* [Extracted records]
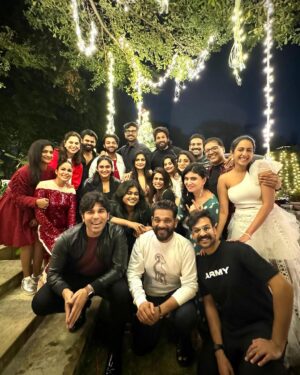 Upasana Kamineni Instagram - My Christmas dump ❤️❤️❤️❤️ 
Thank you dearest family for making it so special. 
Best times
PS - I’m obsessed with the 🎵 🎶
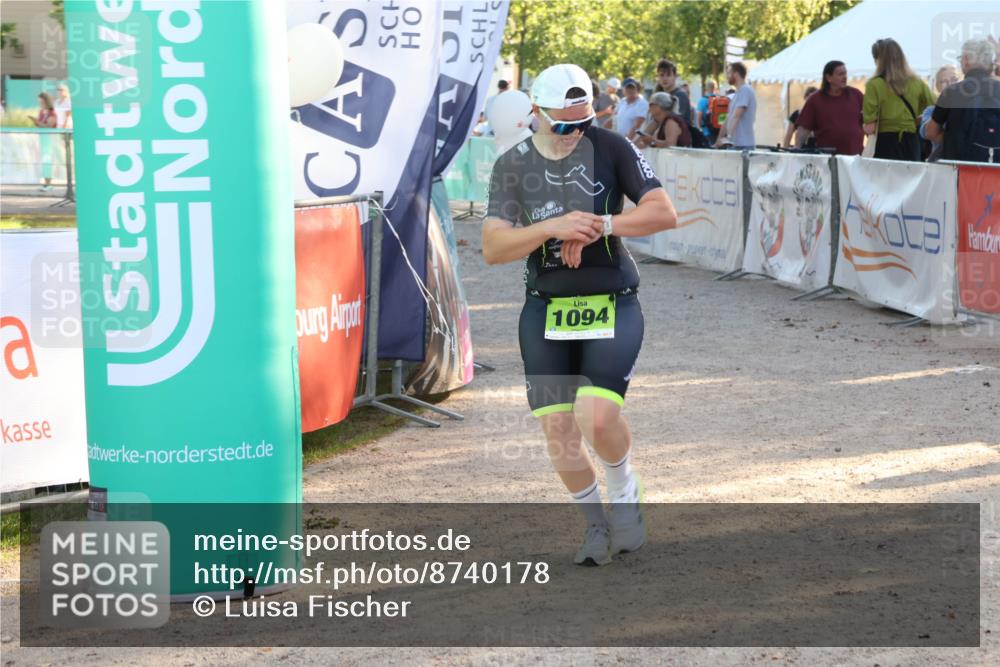 07.09.2025 - 19. Norderstedt Triathlon Luisa Fischer http://msf.ph/oto/8740178 07.09.2025 16:52:49 Ziel 446, 1094 meine-sportfotos.de
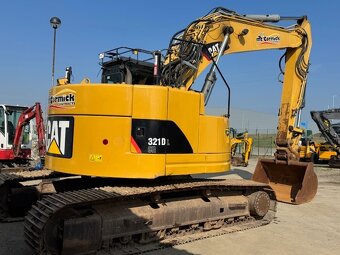 Pasový bagr CAT 321D - 4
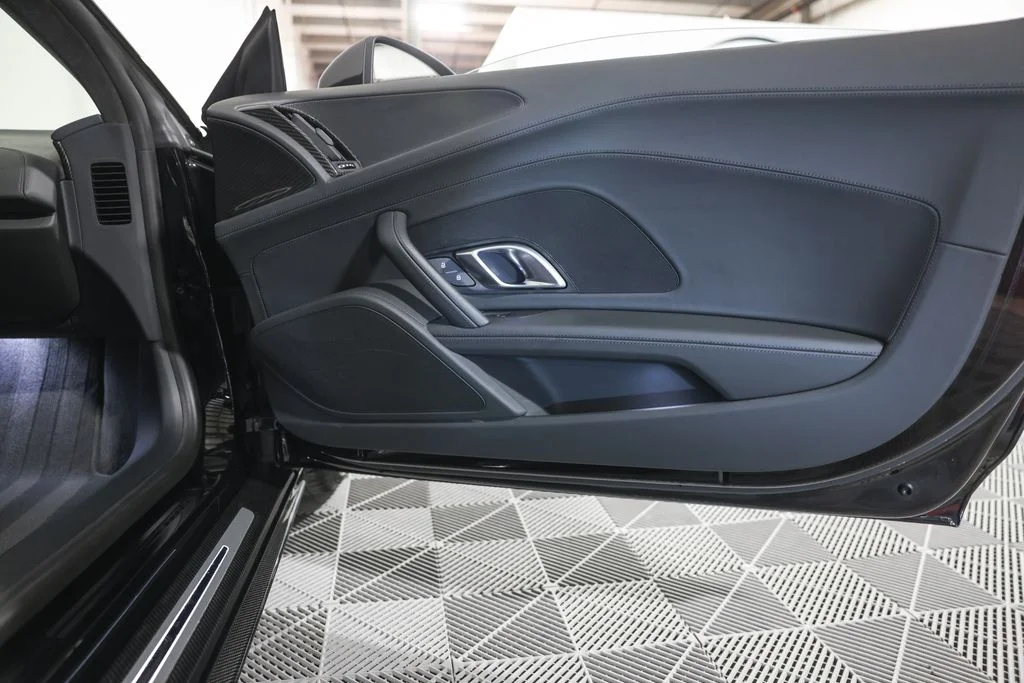 Used 2020 Black Audi V10 performance image 24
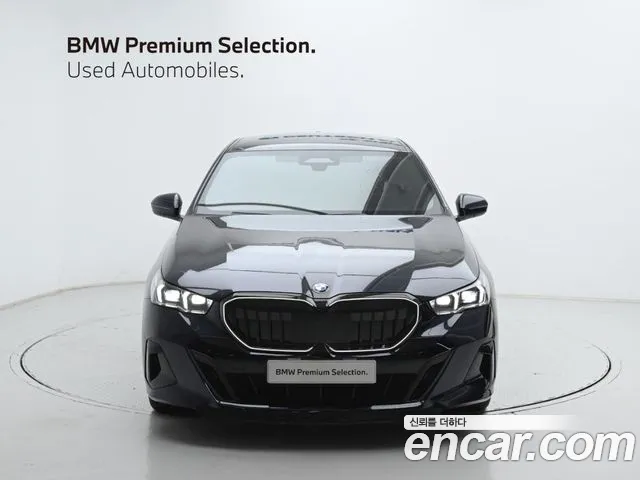 BMW 5-Series 2025 thumb 3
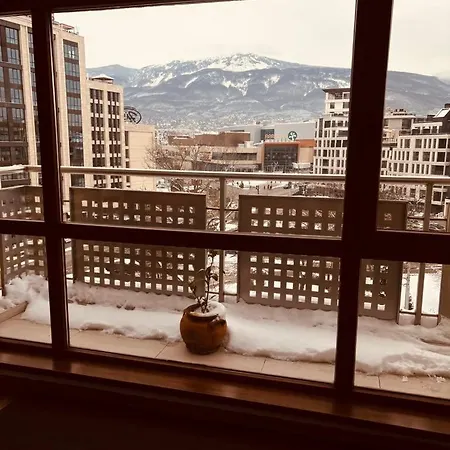 Apartman Spacious With A Mountain View, Big Balcony And Parking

* [ASSIGNMENT]
Give back only the lines from the one that carries "Pasový bagr CAT 321D - 4" through the final line above, both included. Drop all pictures.

* [RESULT OF THIS EXERCISE]
 Pasový bagr CAT 321D - 4
 Used 2020 Black Audi V10 performance image 24
 BMW 5-Series 2025 thumb 3
 Apartman Spacious With A Mountain View, Big Balcony And Parking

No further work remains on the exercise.